- Born: January 9, 1958 (age 68) Pusan, Korea
- Education: Korea University
- Occupation: Businessman
- Known for: Chairman and CEO of Nongshim
- Relatives: Shin Choon-ho (father) Shin Kyuk-ho (uncle) Shin Dong-bin (cousin)

= Shin Dong-won =

South Korean businessman

Shin Dong-won (born 1958) is a South Korean businessman. He is the chairman and CEO of South Korean food and beverage conglomerate Nongshim.

== Biography ==
Shin is the eldest son of the late founder and chairman of Nongshim Group Shin Choon-ho. His uncle, Shin Kyuk-ho, founded the South Korean conglomerate Lotte Corporation. The Chairman of Lotte, Shin Dong-bin, is his cousin.

He was born in Busan in 1958 and attended Shinil High School in Seoul. He studied chemical engineering at Korea University and earned a master's degree in International Trade, also from Korea University.

Shin started working for Nongshim in 1979 and served as a senior managing director from 1994 to 1996. He became Nongshim's CEO in 2000 and Chairman in 2021, after the passing of his father. Shin seeks to expand the company's international presence. He is credited for launching the Jjawang, which became Nongshim's second best-selling product in South Korea, after the company's signature product Shin Ramyun, and helped boost the company's share of the domestic instant noodle market from 59 percent in 2015 to 63 percent in 2020.

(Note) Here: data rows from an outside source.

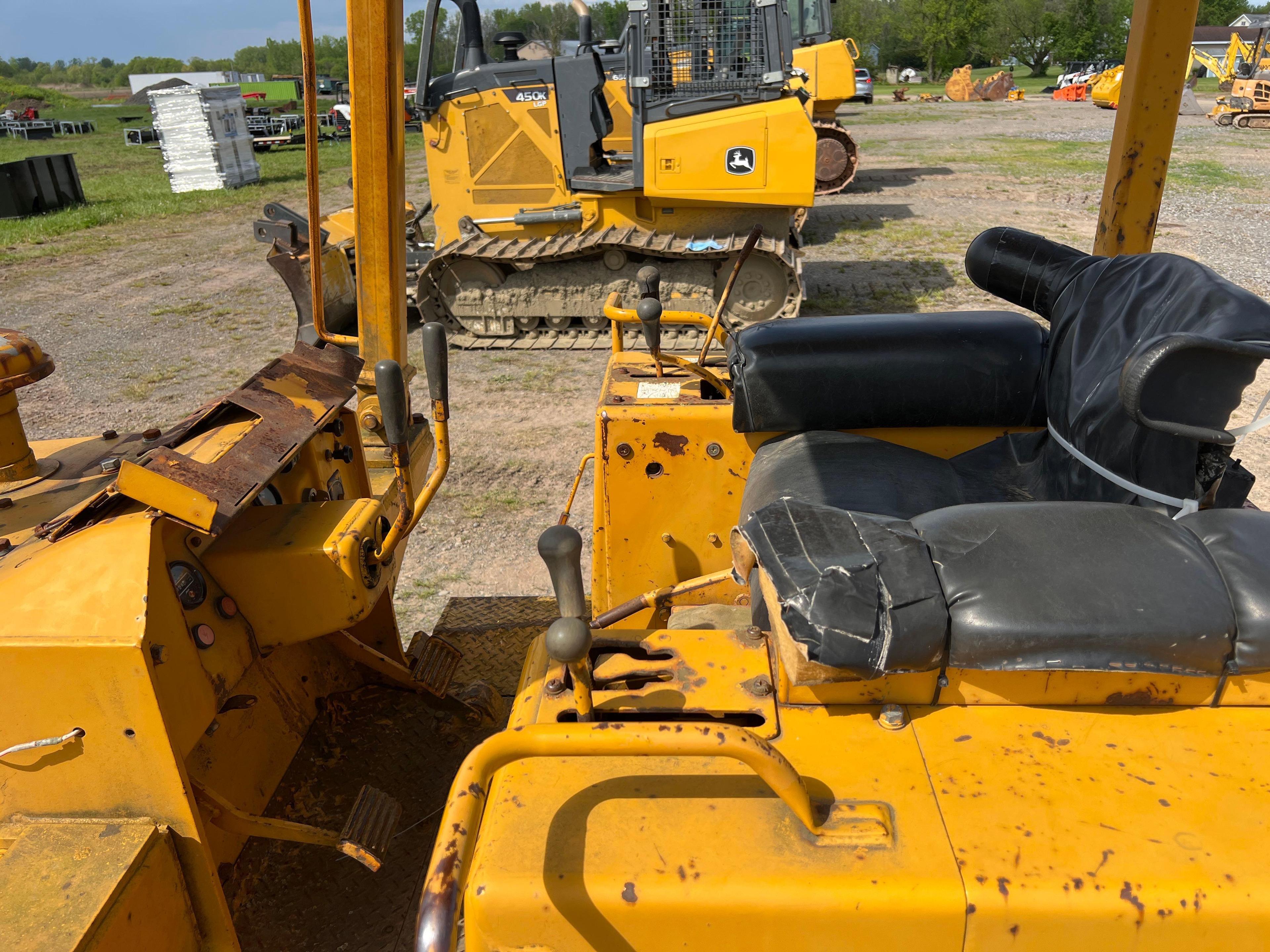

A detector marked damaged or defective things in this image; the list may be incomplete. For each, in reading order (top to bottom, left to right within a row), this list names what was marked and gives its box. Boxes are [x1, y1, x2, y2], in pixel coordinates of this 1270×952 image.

rusty metal panel [115, 340, 363, 538]
rust spot [650, 436, 691, 459]
rust spot [1118, 883, 1148, 929] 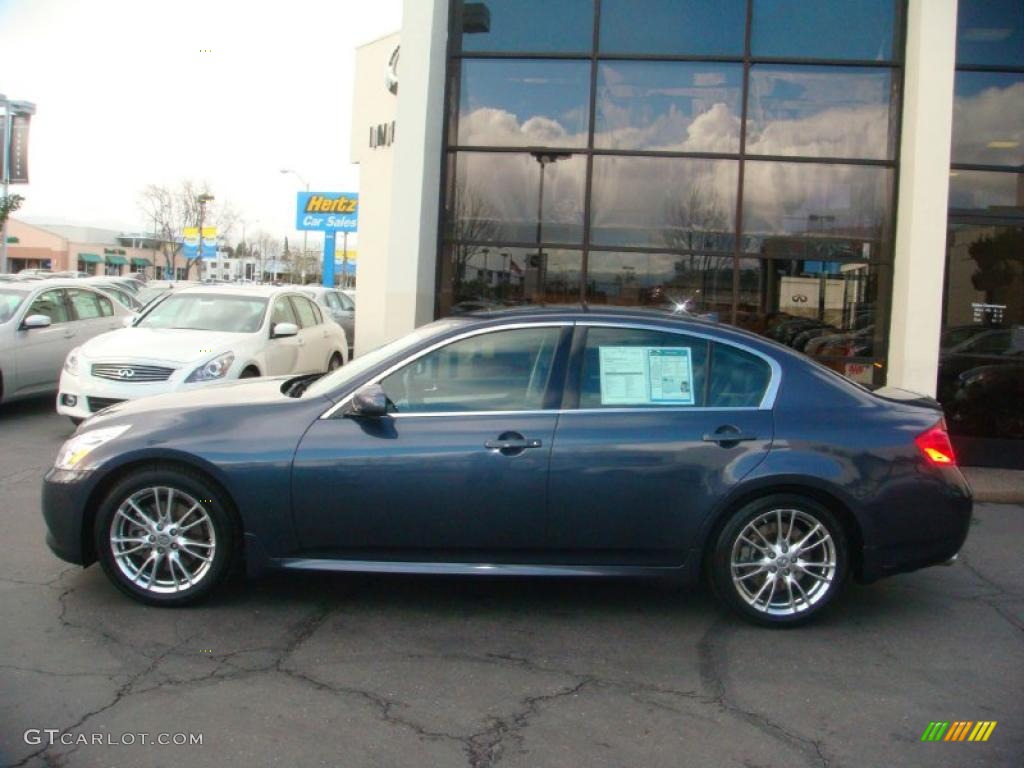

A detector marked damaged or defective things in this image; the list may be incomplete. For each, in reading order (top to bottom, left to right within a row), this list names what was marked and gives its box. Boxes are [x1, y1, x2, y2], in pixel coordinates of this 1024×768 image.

cracked pavement [0, 399, 1019, 765]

Shin is currently the largest shareholder of Nongshim Holdings, the largest shareholder of Nongshim, with a 42.92% stake in Nongshim Holdings.

== Personal life and family ==
Shin is married to Min Sun-young, daughter of Min Chul-ho, former president of Tongyang Securities. His eldest son, Shin Sang-yeol, joined Nongshim in 2019 after graduating from Columbia University.